According to the International Energy Agency (IEA), internal combustion engine (ICE)-based power plants have excellent capabilities in balancing the electricity network, thus enabling the maximum penetration of renewable energy production into the system, and also allowing traditional power plants to run at optimal capacity. These flexible power plants can start up to full load in only a few minutes when there is shortage in electricity production and/or when the electricity price is high. When the requirement and/or price drops again, the ICE power plants can ramp down almost immediately. This not only benefits the environment by taking the maximal output from renewables, but also causes dramatic savings for both the grid and power plant owners, and also to the electricity customers.
Dynamic ICE-based CHP
An ICE power plant involves a very simple concept of a modern internal combustion (i.e., reciprocating) engine directly driving a synchronous generator. While the concept itself is not new and is very well proven, recent progress in engine design makes it increasingly competitive even in large-scale commercial power plants. This is thanks to a number of features inherent in this technology, such as:
• Very high efficiency. Modern ICE power plants reach the highest efficiencies of all simple cycle plants – nearly 50%;
• A wide spectrum of fuels. Most engine plants to date run on either natural gas or various petroleum products, but other proven options include liquid and gaseous biofuels or multi-fuel plants able to switch between different fuels while running;
• Excellent dynamic properties. State-of-the-art ICE plants running on natural gas may start up from standstill to full output within just two minutes. Moreover, frequent startups and shutdowns do not cause any extra wear to the engines. These features make ICE technology a very attractive solution for dynamic energy markets;
• Low costs. Investment cost of the largest ICE plants is roughly around €500/kW of installed electrical capacity. Operation and maintenance costs are also competitive;
• Very short construction times, thanks to a simple and pre-engineered structure. An ICE plant with an output of hundreds of megawatts may be constructed within just one year. Power plants utilizing ICE technology are typically built as modular systems. They consist of multiple parallel independent units. This approach ensures multiple important benefits to the operator;
• As the individual modules can be operated independently, it is possible to overhaul them without affecting the availability of the other modules. This ensures that part of the plant’s capacity is always available for power and heat production, as maintenance procedures never require shutting down all the modules at the same time;
• For the same reason, plant reliability is also very high. Even a serious failure of any single piece of equipment cannot cause an outage of an entire plant;
• Modular design enables very efficient load control, as partial output may be achieved by simply shutting down individual modules, while keeping the remaining units operating at nearly full load, and therefore nearly nominal efficiency. This is demonstrated in Figure 1;
• Modular design enables step-by-step extensions. The plant operator may gradually increase the installed capacity according to growing energy demand or availability of investment funds. A gradually extended plant may also start generating revenues before the whole project is completed.

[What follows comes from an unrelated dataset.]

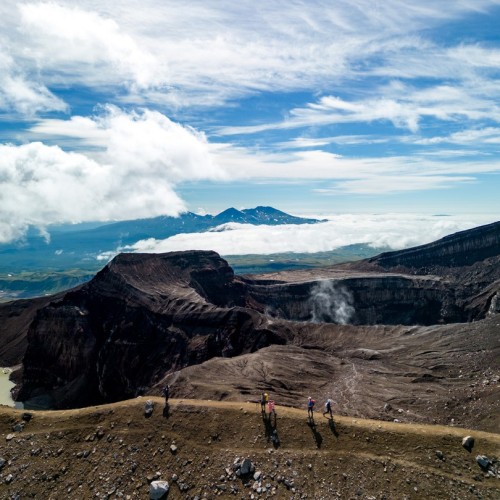 В мини-группе по Камчатке: вулканы, Тихий океан и дикие термальные источники
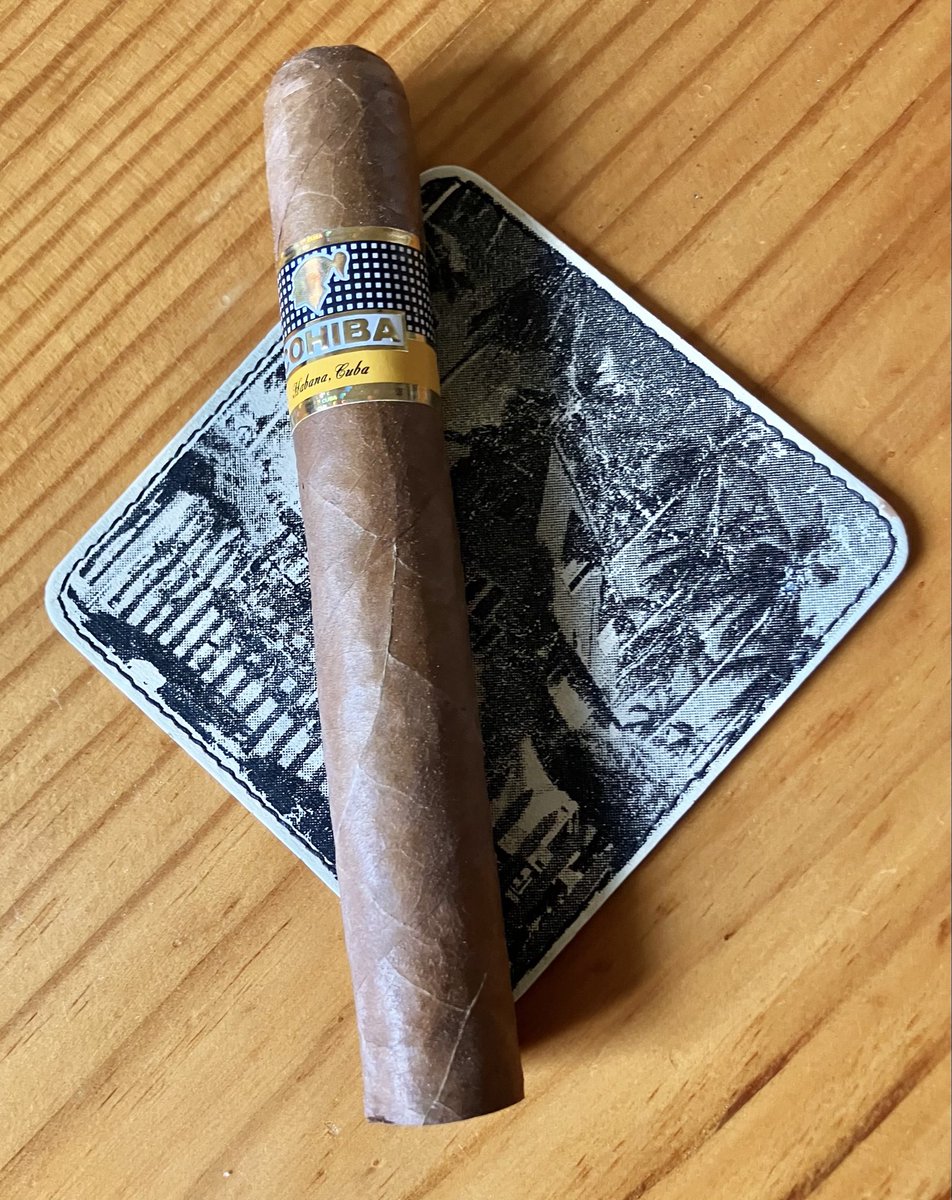 AngelGM87's tweet photo. Cohiba Siglo VI (150x52). VG Cañonazo. Uno de los mejores #Habanos y de mis favoritos. Con el añejamiento especial de la marca. Para 70/75’. https://t.co/Fj22PgN4TJ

|Figure 1. Part-load performance of an ICE power plant is high thanks to the high efficiency of multiple units|
Waste heat recovery from ICE power plants
Practical technical restrictions are the reason that part of the fuel energy cannot be converted into useful work and is released as heat. In most traditional power plants this heat is released to the environment through cooling systems and exhaust – i.e., effectively wasted. By capturing this thermal energy and using it to supply heat to households, businesses and industries, total fuel utilization efficiency may be radically increased. It is estimated that deployment of more cogeneration plants has the potential to reduce greenhouse gas emissions by up to 250 million tonnes of CO2 equivalent by 2020.
|Figure 2. Simplified process diagram of ICE power plant heat recovery with district heating|
Practically every power plant technology based on a thermodynamic cycle may be used for cogeneration, although the scope of required design changes depends considerably on the solution involved. For example, for technologies based on steam turbines, it is necessary to redesign the turbine itself and change its operating parameters. For such plants, using heat recovery requires reducing electrical output, and therefore also electrical efficiency. For other technologies based purely on gas cycles, it is possible to use heat recovery without interfering with the prime movers or affecting their operation. This approach may be used with ICE technology. Converting an engine-based power generation module into a CHP module is relatively simple – it is only necessary to install properly configured heat exchangers in the cooling circuits and exhaust system. Heat recovery components do not affect the power generation process in any way, and engines do not need to be modified at all.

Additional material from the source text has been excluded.